**What is being asked:**
Only the lines from the beginning of the entries through the one that holds "2 welurowe poduszki" may appear in the answer, written out exactly and free of pictures.
____
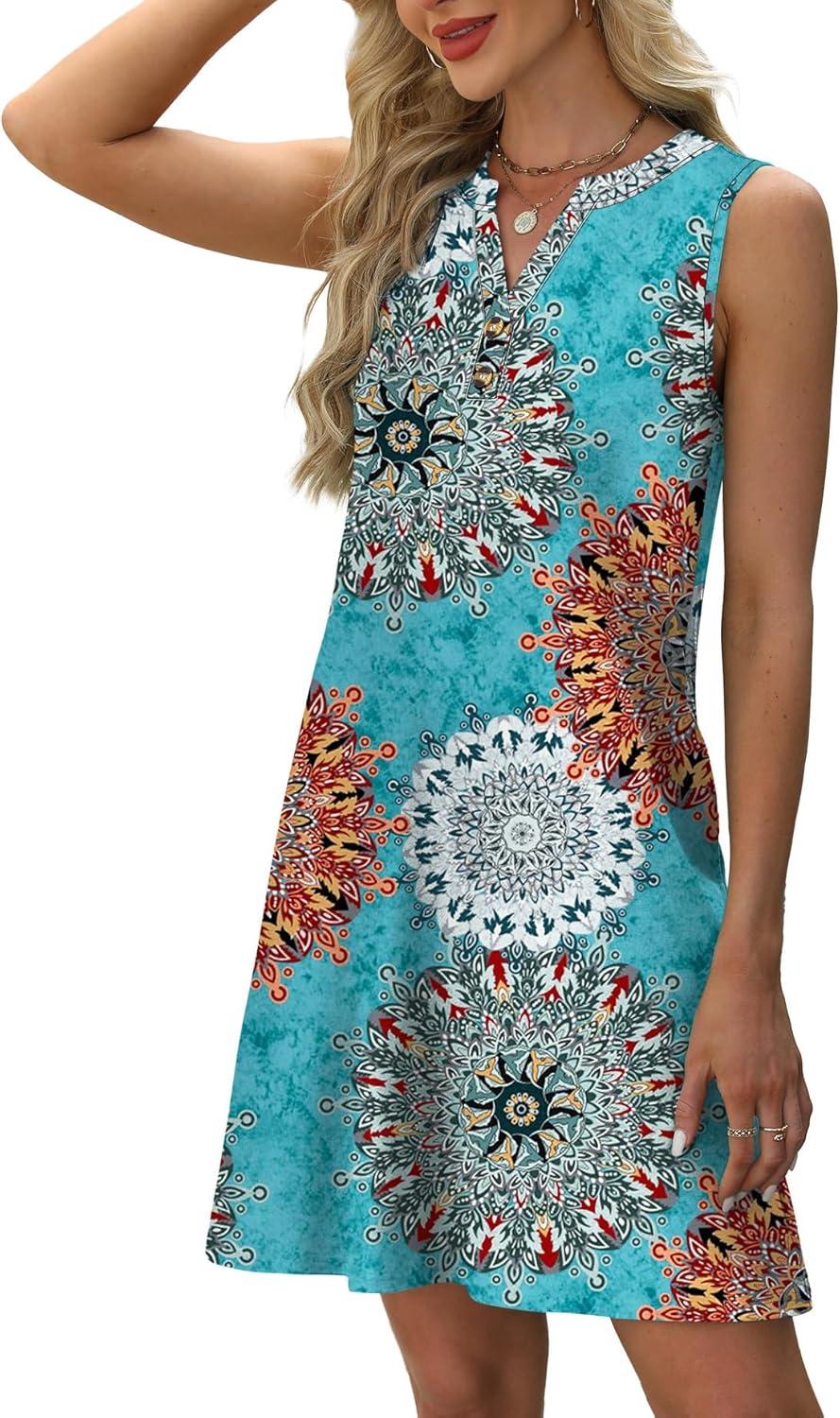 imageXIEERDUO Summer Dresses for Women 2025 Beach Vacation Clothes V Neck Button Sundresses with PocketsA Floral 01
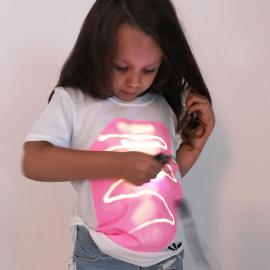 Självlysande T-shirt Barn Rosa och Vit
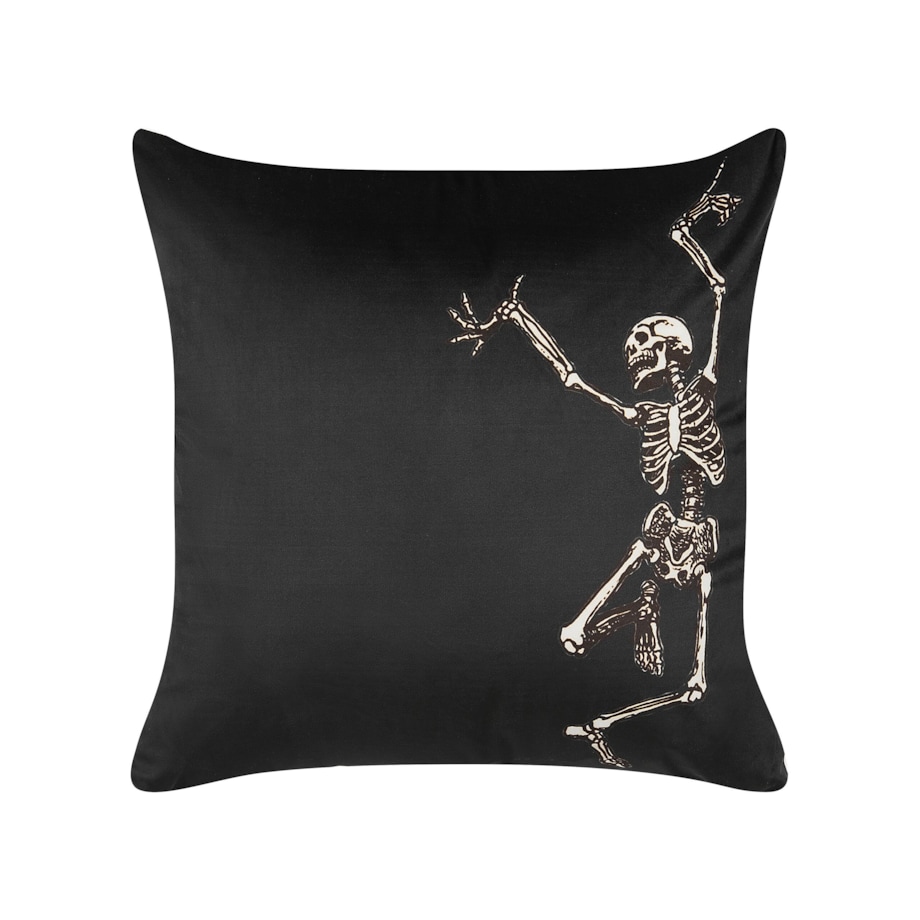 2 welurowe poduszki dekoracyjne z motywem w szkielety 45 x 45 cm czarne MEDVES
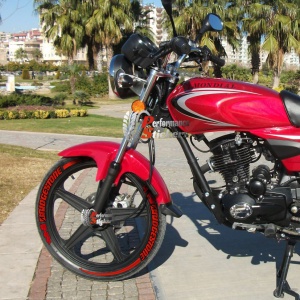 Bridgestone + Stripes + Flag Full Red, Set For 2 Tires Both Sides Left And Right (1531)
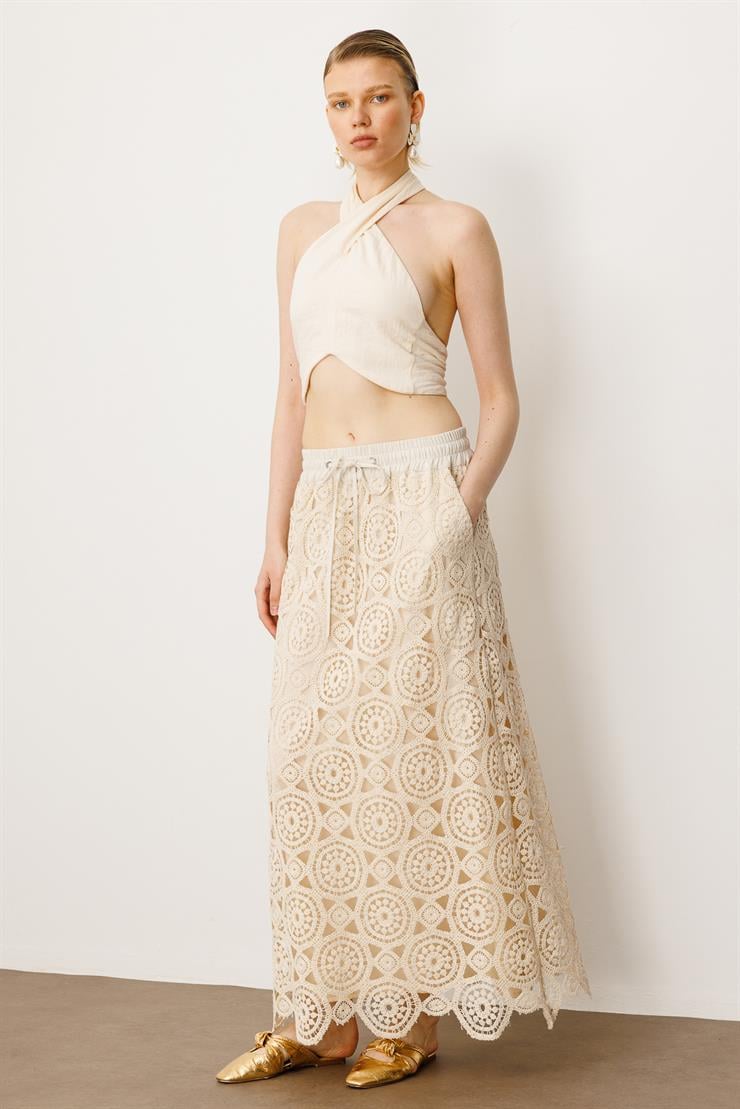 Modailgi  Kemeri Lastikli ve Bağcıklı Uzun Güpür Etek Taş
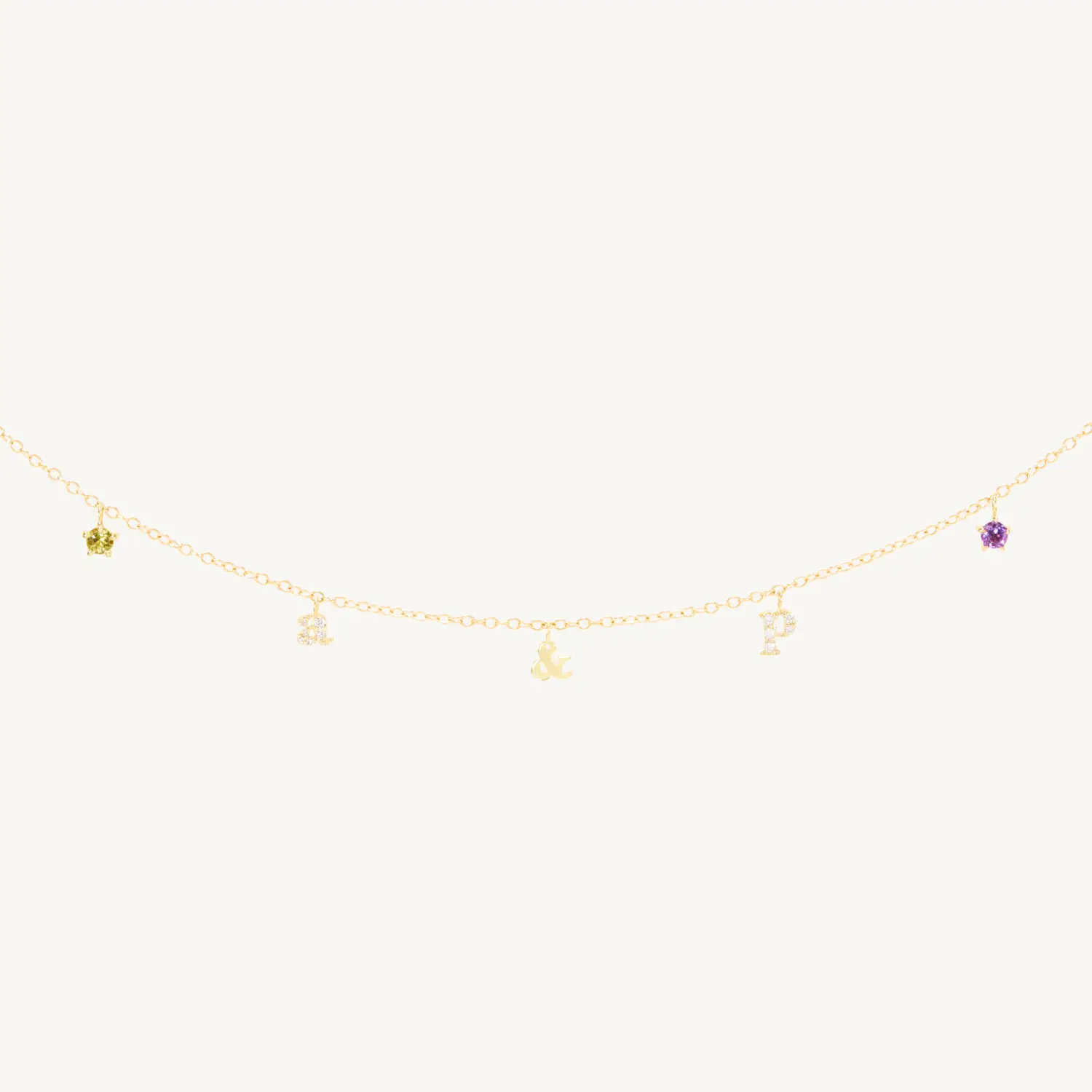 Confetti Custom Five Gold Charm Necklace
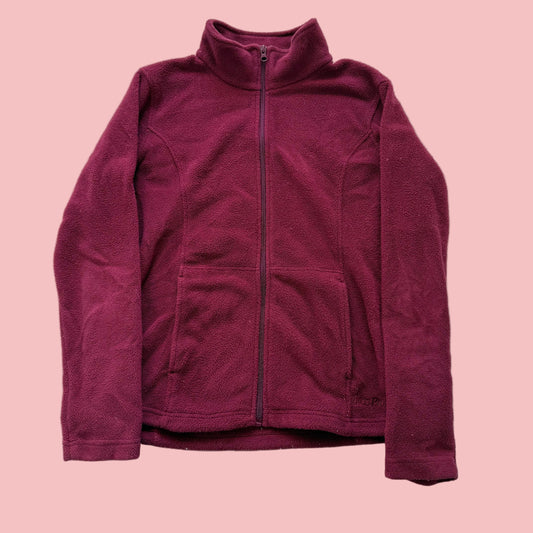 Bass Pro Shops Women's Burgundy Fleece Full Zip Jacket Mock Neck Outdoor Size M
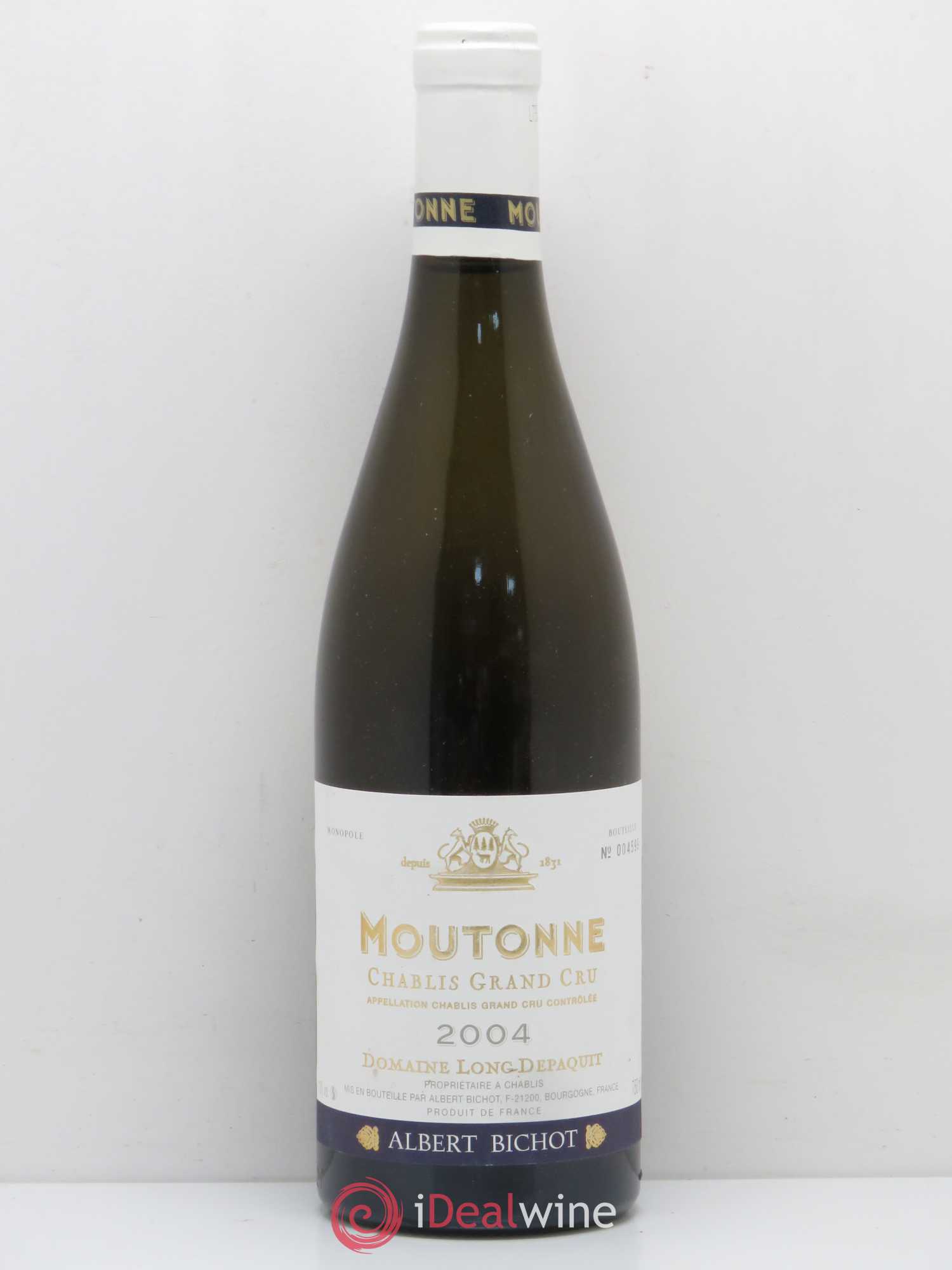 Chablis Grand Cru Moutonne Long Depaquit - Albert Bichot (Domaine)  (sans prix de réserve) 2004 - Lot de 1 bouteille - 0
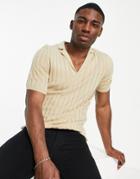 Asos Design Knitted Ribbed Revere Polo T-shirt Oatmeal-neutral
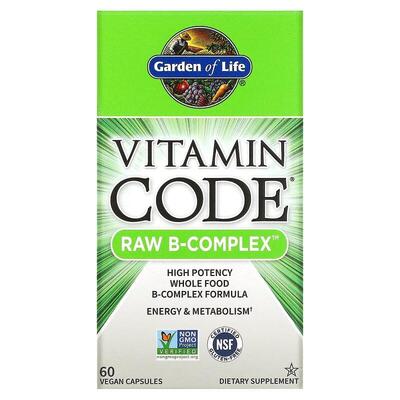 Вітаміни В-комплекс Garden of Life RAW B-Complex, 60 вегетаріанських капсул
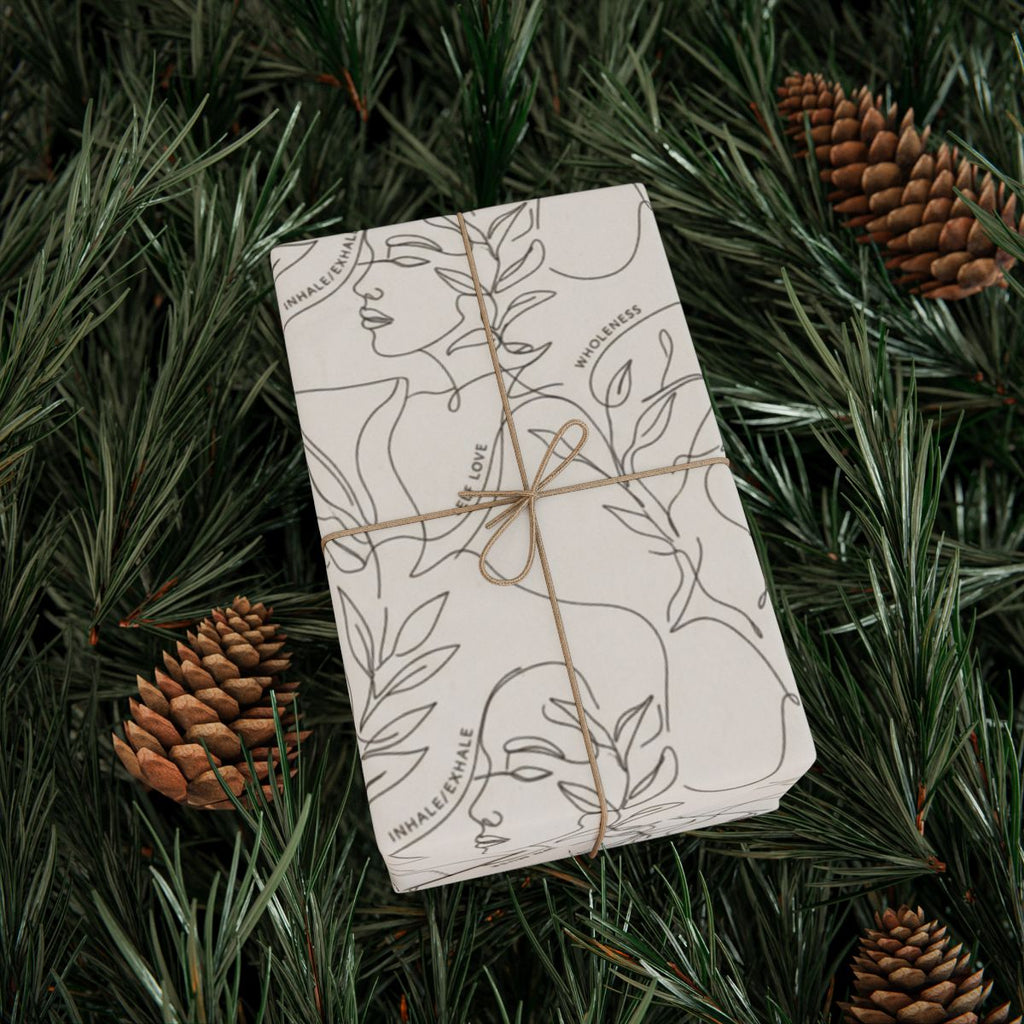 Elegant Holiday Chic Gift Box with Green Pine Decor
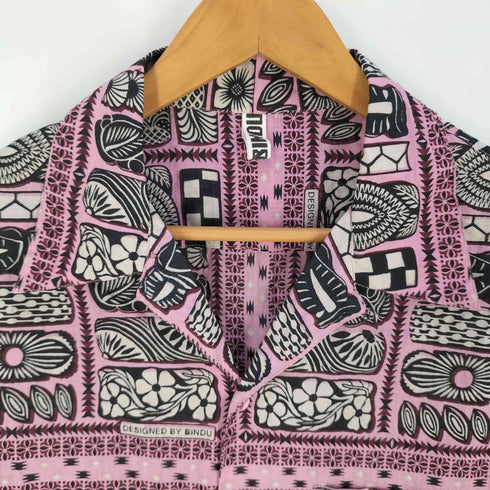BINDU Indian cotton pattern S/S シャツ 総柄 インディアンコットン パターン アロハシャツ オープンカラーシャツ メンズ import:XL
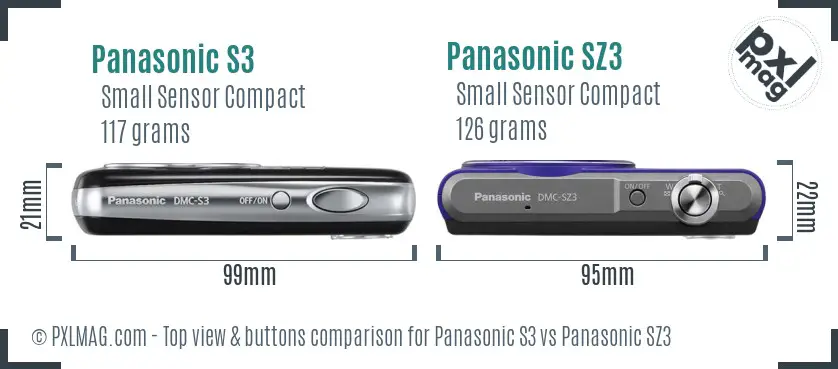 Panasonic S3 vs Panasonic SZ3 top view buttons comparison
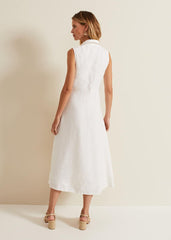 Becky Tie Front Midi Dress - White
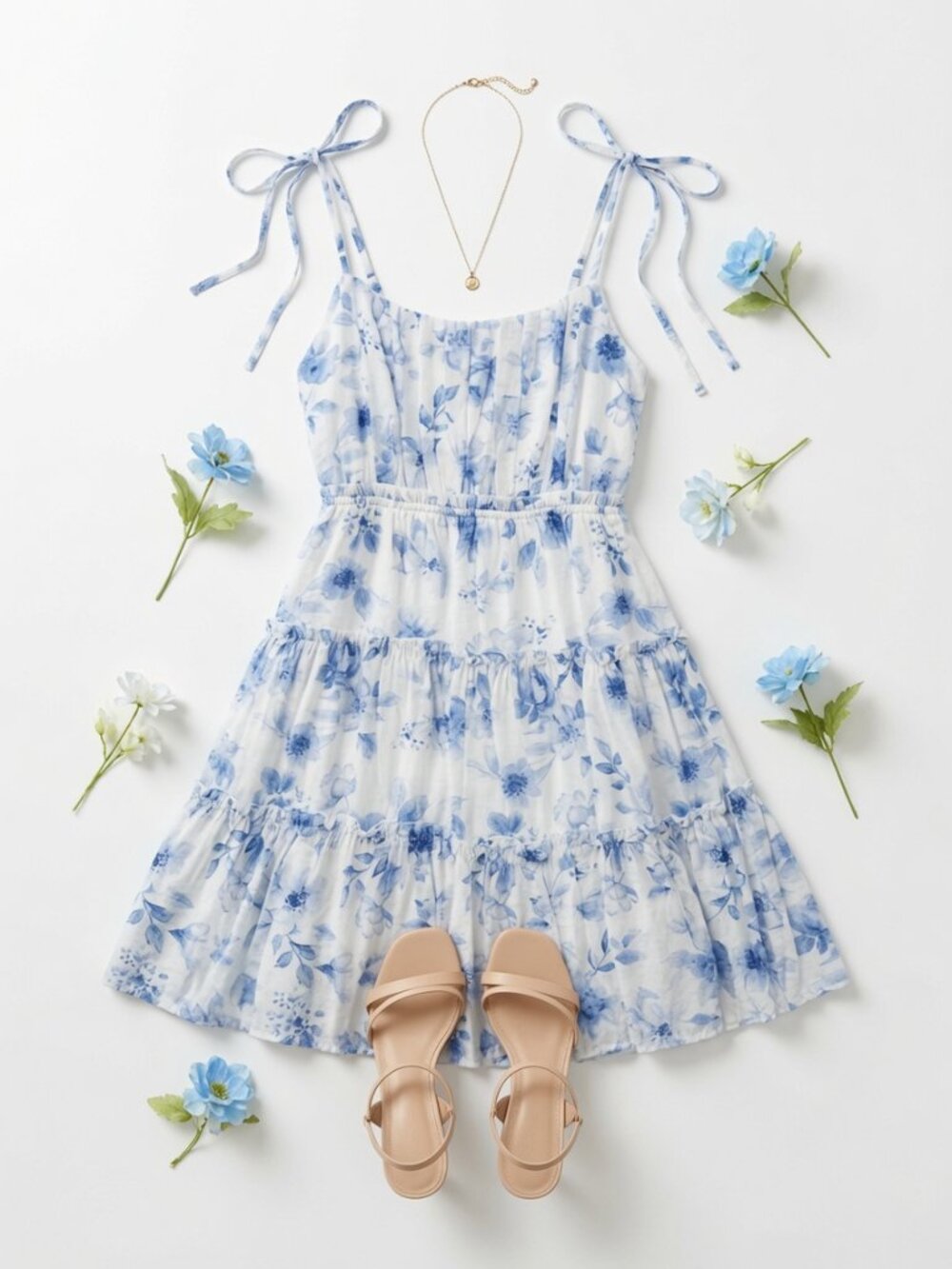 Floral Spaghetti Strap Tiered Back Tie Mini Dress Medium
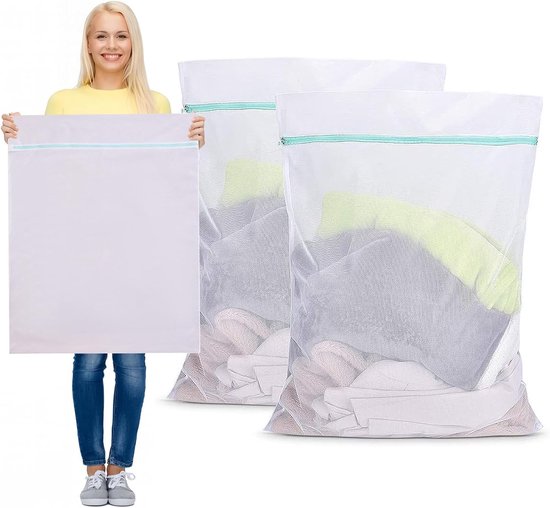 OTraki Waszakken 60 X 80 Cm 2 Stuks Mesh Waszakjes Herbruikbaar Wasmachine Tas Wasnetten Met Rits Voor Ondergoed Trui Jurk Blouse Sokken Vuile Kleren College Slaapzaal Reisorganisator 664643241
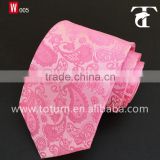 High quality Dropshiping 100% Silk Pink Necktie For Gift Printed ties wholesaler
____
**Answer space:**
 imageXIEERDUO Summer Dresses for Women 2025 Beach Vacation Clothes V Neck Button Sundresses with PocketsA Floral 01
 Självlysande T-shirt Barn Rosa och Vit
 2 welurowe poduszki dekoracyjne z motywem w szkielety 45 x 45 cm czarne MEDVES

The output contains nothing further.